I've been thinking about these things for a long time, and I appreciate that it all looks absurdly esoteric or simply solipsistic to many. My conservatism is not today's American conservatism, although it could easily find a place in Cameron's Toryism. I have a libertarian streak as well - which puts me at the right end of Toryism. But I hold, following Oakeshott and Burke, that the critical conservative virtue in politics is coherence and balance and practical, prudential openness to change and reform. Remember that Burke, as a Brit, favored American independence.If you cannot see that as conservative in some sense then my arguments will be lost on you. And yes, it's wrapped up in religion, my inability to lose my faith and my attempt to grapple with what that means in today's increasingly fundamentalist world. That's why the core issue in the book is really Christianity, and why I increasingly feel I want to take some time out to explore these theological and spiritual questions with the time and silence they deserve.As for conservatism in America, my own belief is that this, at the deepest level, is a philosophical struggle between the worldviews of Leo Strauss and Michael Oakeshott.

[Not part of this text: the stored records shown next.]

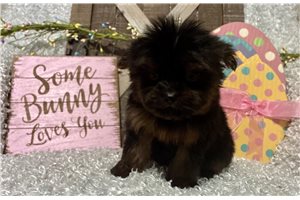 Liam - Yorkshire Terrier - Yorkie for sale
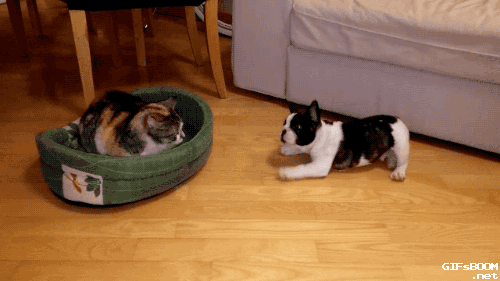 gifsboom:  French Bulldog Puppy Tries to Reclaim Bed From Cat. video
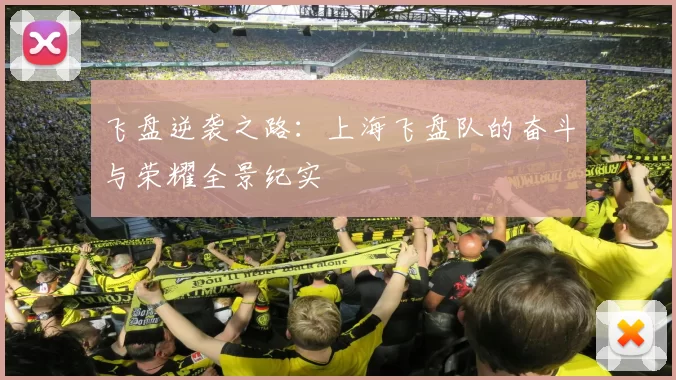 飞盘逆袭之路：上海飞盘队的奋斗与荣耀全景纪实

I think this will be the last time I engage Andrew on this question, mostly because I don't think I can access much more until I've read Strauss, Oakeshott, and Andrew's The Conservative Soul. It shames me that I haven't, and it shames me more that I don't know when I'll be able to.
One of the unfortunate things about being ravaged by some object of my curiosity, is the accompanying inability to think long and hard about anything else. So for the past year and half, a large section of my brain has been occupied by the Civil War and Detroit. I'll be done with Detroit soon enough (one hopes), but this Civil War thing will be counted in years not months.
This is why looking at anyone's book-list, or book shelf, and exclaiming "I can't believe you don't have xxxx!!!" will always--always--miss the point. There's too much out there to know. You can't possibly experience it all. For me this is more true. I have to leave space for my own stories, and guard against getting loss in someone else's.
I'm rambling now. But the point I'm trying to get to is this--whatever my disagreements with Andrew, he has my utmost respect as a writer and a thinker. I know what I think I think about his view of conservatism, but I don't know what I really think. Respect calls for the former and not the latter.